‘Tsinelas’ kids

The most memorable punishment I ever got as a kid was to have to kneel on the floor with arms spread for making my little sister cry. Most other times, what we got for misbehavior was a strike of walis tingting or of our mother’s fluffy house slippers on our buttocks. In school, it wasn’t much different: slap of a stick for cheating on quizzes, chalk to the face for talking during class, a 100-count “sit on the air” for being rowdy.

Later, I would learn that all these are considered corporal punishment and that they are highly debated on (and that “sit on the air” is actually called the “standing murga”—who knew?).

I never even thought much about these practices other than that they were how we were disciplined. But it’s hard not to reconsider them now that all these studies are correlating corporal punishment with violence, low self-esteem, and damaged relationships; now that child advocates are insisting that corporal punishment should be banned completely; and now that my friends, who once bragged about how much mung bean they had to kneel on, have themselves become parents who discipline their children with the “timeout” instead of the tsinelas.

It makes one wonder if we, the ones who were raised under the rule of the tsinelas, could have had it better.

As far as I can tell, we haven’t grown up to become violent criminals; we are mostly law-abiding, socially-tolerable citizens (some even passing as opinion writers). I don’t think I would have paid as much attention in fifth-grade geometry if my teacher wasn’t a known terror and a notorious ear-pincher.
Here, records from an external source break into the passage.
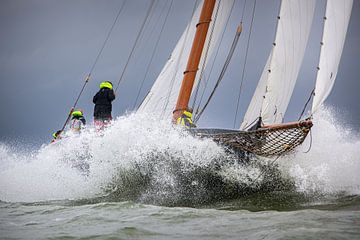 Lemsteraak en action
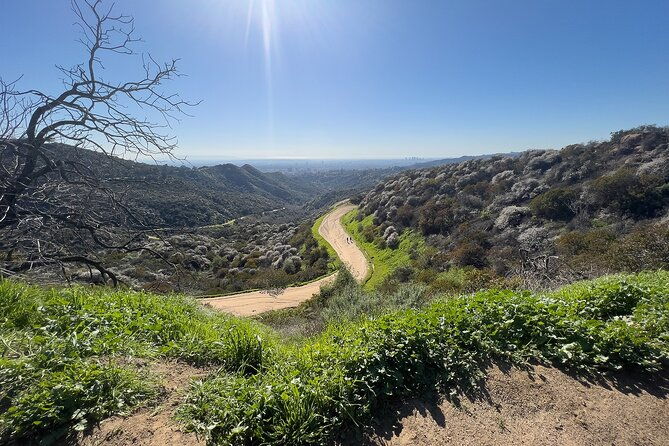 the-premier-hollywood-sign-tour-nature-in-the-heart-of-the-city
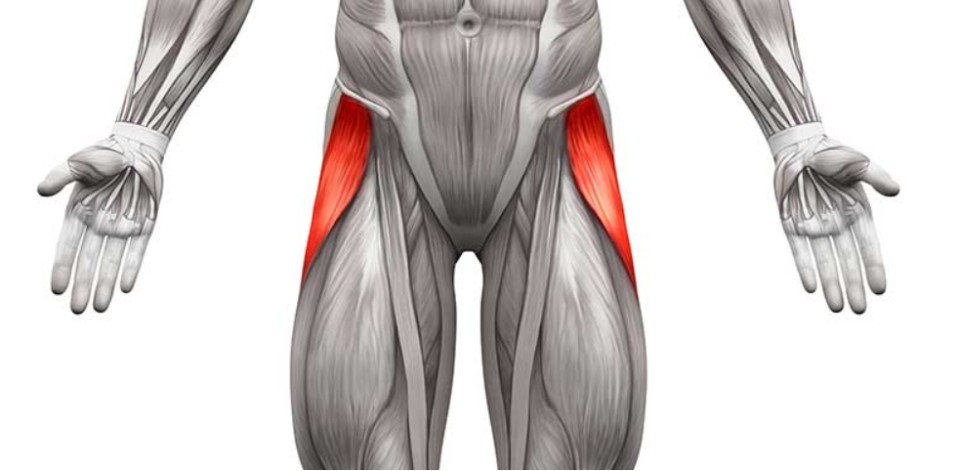 대퇴근막장근 이미지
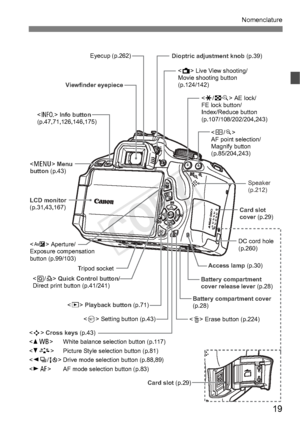 Page 1919
Nomenclature
Tripod socketAccess lamp
 (p.30)
Battery compartment 
cover release lever  (p.28)
Battery compartment cover  
(p.28)
 Aperture/
Exposure compensation 
button (p.99/103) Viewfinder eyepiece
Eyecup (p.262)
Dioptric adjustment knob (p.39)
Card slot 
cover (p.29)
Card slot (p.29)
LCD monitor 
(p.31,43,167)
 Live View shooting/
Movie shooting button
 (p.124/142)
 
AF point selection/
Magnify button 
(p.85/204,243)
 AE lock/
FE lock button/
Index/Reduce button 
(p.107/108/202/204,243)
 Menu...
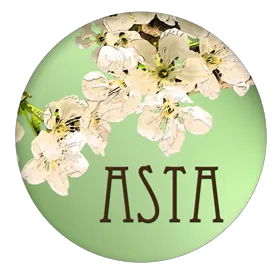 Asta Skin & Body Care Picture 2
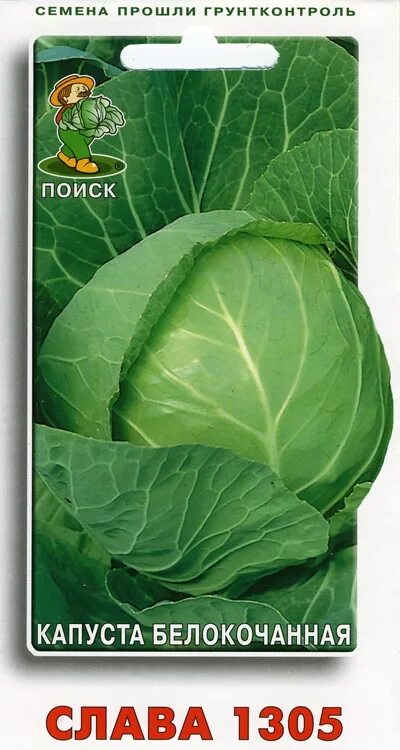 Капуста слава описание сорта фото отзывы садоводов Семена ПОИСК Капуста белокочанная Слава 1305 (ЦВ) 0, 5гр., шт 00000280309 - купи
That class stands out in my memory as the quietest, most efficient class in the entire elementary school.

On the other hand, I can’t deny that some of my classmates skipped class specifically for fear of the teacher’s disciplinary ways. I also can’t say with full certainty that those whose ears were pinched in front of the whole class weren’t in some way traumatized by the physical pain or the humiliation. At least that’s what the studies would suggest.
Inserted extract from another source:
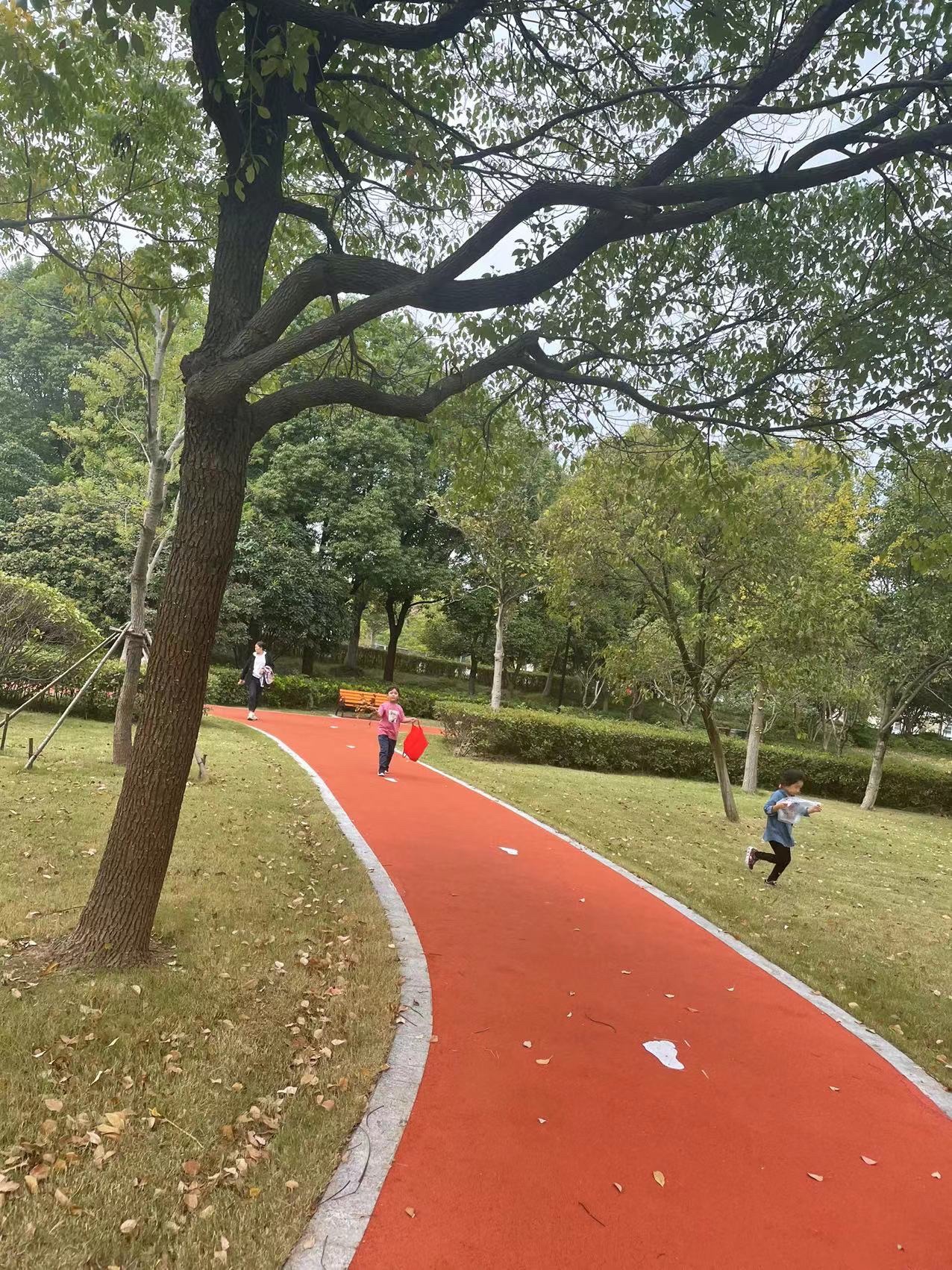 古徐广场旅行图片 3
Where does discipline end and abuse start?

Amid all the debate and noise about corporal punishment, that question is yet to be definitively answered. Were we abused because we were spanked for taking coins from our mother’s pockets?

Our parents and grandparents back home wouldn’t say so. They still do not buy the rhetoric about banning corporal punishment, because for them, the line between discipline and abuse has always been clear. For them, their hitting was not to hurt us or to take out their frustrations on us or to emphasize their authority over us; for them, their hitting was a way to instill lessons in us. They wouldn’t have laid a hand on us if we did not do anything that, for them, had to be corrected. They wouldn’t have hit us if they believed it would do any real harm.
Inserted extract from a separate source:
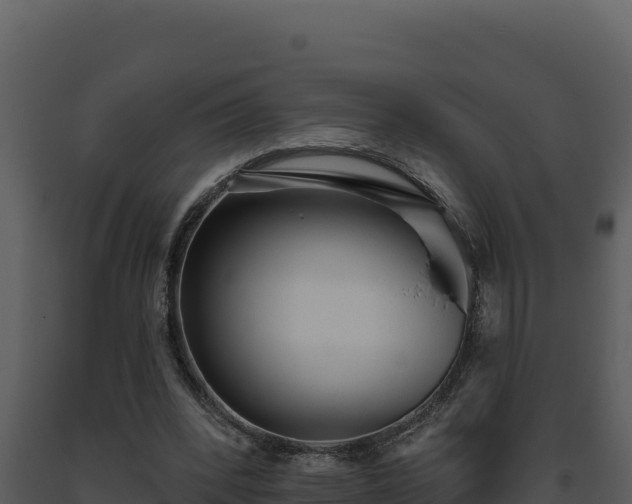 X0000093500392200710191253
Besides, it is a common notion among our traditional parents that a lack of physical punishment shelters children from the roughness of life, making them fragile and oversensitive—whiners, crybabies and brats, as they are described. And so one of the lasting lessons that tsinelas kids learn is how to take a slap on the wrist with minimal crying and move on, more resilient and hopefully a tad wiser.

But advocates today consider corporal punishment to be abuse. Why? our parents might ask. If their kids turned out fine—and really, if they themselves turned out fine after being physically punished by their own parents—how could one say that the punishment was abusive?

Here is the real knot: The science behind all those studies and research, pointing to the detrimental effects of corporal punishment, has not permeated centuries’ worth of culture and real-world evidence pointing to the contrary.

How could one say, for instance, that spanking children makes them violent and antisocial, when those very children are now our upstanding doctors and nurses and carers? How significantly could spanking have lowered the self-esteem of those children who are now brilliant lawyers and civic leaders? And if physical discipline, as the traditional method, has not impeded generations from producing successful artists, entrepreneurs, lovers, and heroes, why should that change now?

This is what our parents see. They don’t see the statistics, the correlations, the scientific evidence. Instead, they see us, the products of their hands-on parenting (literally), and in their eyes, we are okay. We are the evidence they could believe most, and we are okay.

But if science is right again in this debate—if the scars of corporal punishment do run deep and tsinelas kids have simply been struggling to cope all this time—it has some more convincing to do.

Steeped in culture and experience, traditional parents aren’t likely to sift through the noise to look for research-based arguments. What should impersonal statistics mean to them when their own personal evidence shows otherwise?

What would serve us all, parents and grown kids alike, is for the logic to fill our consciousness and strike a chord. More education, more consultations with families on the whys and the hows, more personal rationales for positive parenting alternatives—we need these so that the statistics can make sense, so that science can be translated into practice.

Until parents personally understand the case against corporal punishment, the debate drones on. In the meantime, somebody hide Nanay’s Spartans.